Given our theoretical assumptions (the "Gauss-Markov assumptions" for the "Classical Linear Regression Model"), and restricting ourselves to linear models (which are much easier to deal with in general), there is a type of estimator that is unbiased and efficient (i.e. has lower variance than other candidate estimators).

The Best Linear Unbiased Estimator (BLUE) is the Ordinary Least Squares estimate.

Ordinary Least Squares

We will estimate \(\beta_0\) and \(\beta_1\) (the linear model) by drawing a line that minimizes the Sum of Squared Residuals (SSR).

\[SSR \equiv \sum_{i=1}^{n}(\hat{u_i})^2\]

Most Squares

The counterpart to the SSR (Sum of Squared Residuals or Residual Sum of Squares) is:

the Explained Sum of Squares (SSE).

\[SSE \equiv \sum_{i=1}^{n}(\hat{y_i} - \bar{y})^2\]

Confusing side note:

  • Sometimes we talk about Residual Sum of Squares, but some other people talk about Sum of Squared Errors.

  • Those people also talk about the Regression Sum of Squares when we're talking about the Explained Sum of Squares.

  • So sometimes SSR really means SSE and vice versa.

  • Also sometimes SSE is ESS.

  • Economists should take linguistics classes.

Unconfuse now:

  • SST = Total Sum of Squares
  • SSE = Explained Sum of Squares
  • SSR = Sum of Squared Residuals

All the Squares: Measures of Variation

The SSR + SSE together gives us the Total Sum of Squares (SST).

\[SST \equiv \sum_{i=1}^{n}(y_i - \bar{y})^2\]

\[SSE \equiv \sum_{i=1}^{n}(\hat{y_i} - \bar{y})^2\]

\[SSR \equiv \sum_{i=1}^{n}(\hat{u_i})^2\]

Total Sum of Squares

\[SST \equiv \sum_{i=1}^{n}(y_i - \bar{y})^2\]

  • Here we're looking at the difference between what we observe (\(y_i\)) and the average (\(\bar{y}\)).

  • In other words, how far off is \(y\) from its average value?

Total Sum of Squares

\[SST \equiv \sum_{i=1}^{n}(y_i - \bar{y})^2\]

  • Squaring the term means that we aren't making the mistake of adding negative and positive numbers and feeling good when they add up to 0.

  • Squaring also means that outliers are treated as more important than points that are close to average.

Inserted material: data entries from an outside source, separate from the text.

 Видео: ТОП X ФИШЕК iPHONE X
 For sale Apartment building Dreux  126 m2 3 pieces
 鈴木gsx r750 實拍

  • \(SST/(n-1)\) gives us the sample variance of \(y\).

Explained Sum of Squares

\[SSE \equiv \sum_{i=1}^{n}(\hat{y_i} - \bar{y})^2\]

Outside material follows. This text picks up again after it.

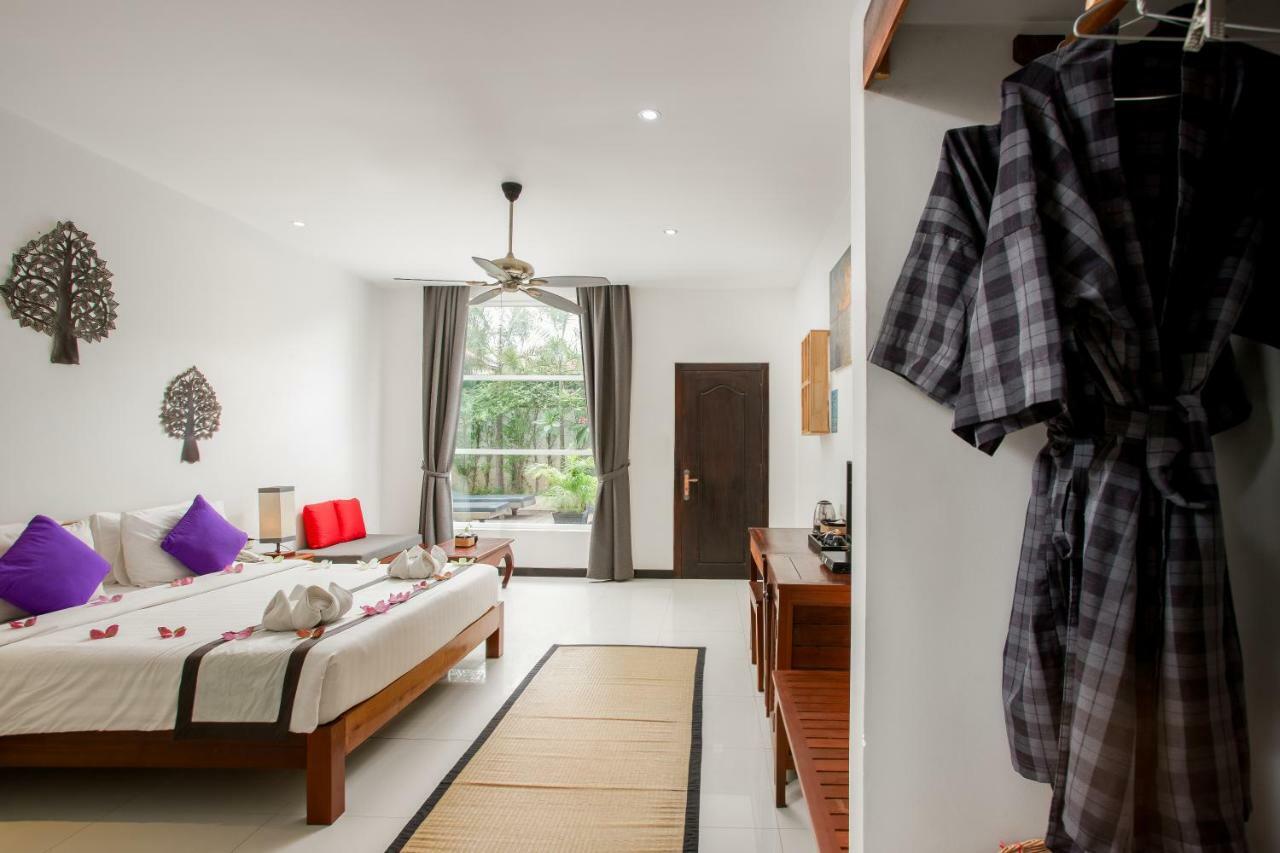 Saline Angkor Villa Siem Reap Buitenkant foto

Now we're comparing how far our estimated values of \(y\) (\(\hat{y_i}\)) are from average. Our estimates are explaining that \(y\) is sometimes above or below average because of the effects of \(x\).

Residual Sum of Squares

\[SSR \equiv \sum_{i=1}^{n}(\hat{u_i})^2\]

Finally, we're asking, how far off our estimates are from the actual observed values of \(y\). Another way of writing this is:

\[SSR \equiv \sum_{i=1}^{n}(y_i - \hat{y_i})^2\]

All together

How good is our line?

Our standard "goodness-of-fit" measure is \(R^2\) which is defined as

\[R^2 \equiv \frac{SSE}{SST} = 1 - \frac{SSR}{SST}\]

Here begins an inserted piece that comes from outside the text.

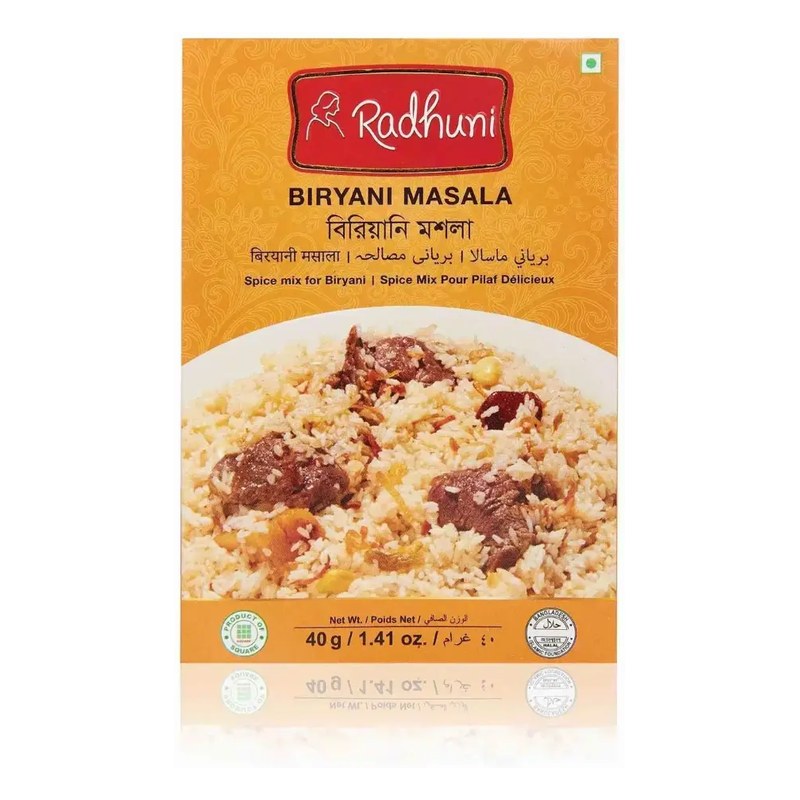 RADHUNI Biryani Masala 40 gm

The closer \(R^2\) is to 1, the better our model fits the data. But we don't want to overfit.

What are the OLS estimators?

  • We might just draw a lot of lines until we find the one that minimizes SSR. But it turns out there's an easier solution (if our assumptions hold).
  • Lots of fancy calculus results in this estimator:

\[\hat{\beta_1} = \frac{\sum_{i=1}^{n}(x_i - \bar{x})(y_i-\bar{y})}{\sum_{i=1}^{n}(x_i - \bar{x})(x_i - \bar{x})} = \frac{\sum_{i=1}^{n}(x_i - \bar{x})(y_i-\bar{y})}{\sum_{i=1}^{n}(x_i - \bar{x})^2}\]

Which is the same as:

\[ \hat{\beta_1} = \frac{(n-1)cov(x,y)}{(n-1)var(x)}= \frac{cov(x,y)}{var(x)} \]

What are the OLS estimators?

Our line will go through the point \((\bar{x},\bar{y})\), so we can rearrange our model to find:

\[\hat{\beta_0} = \bar{y} - \hat{\beta_1} \bar{x}\]

What are the OLS estimators?

  • A more thorough derivation is available in Section 2-2 of the text, or online.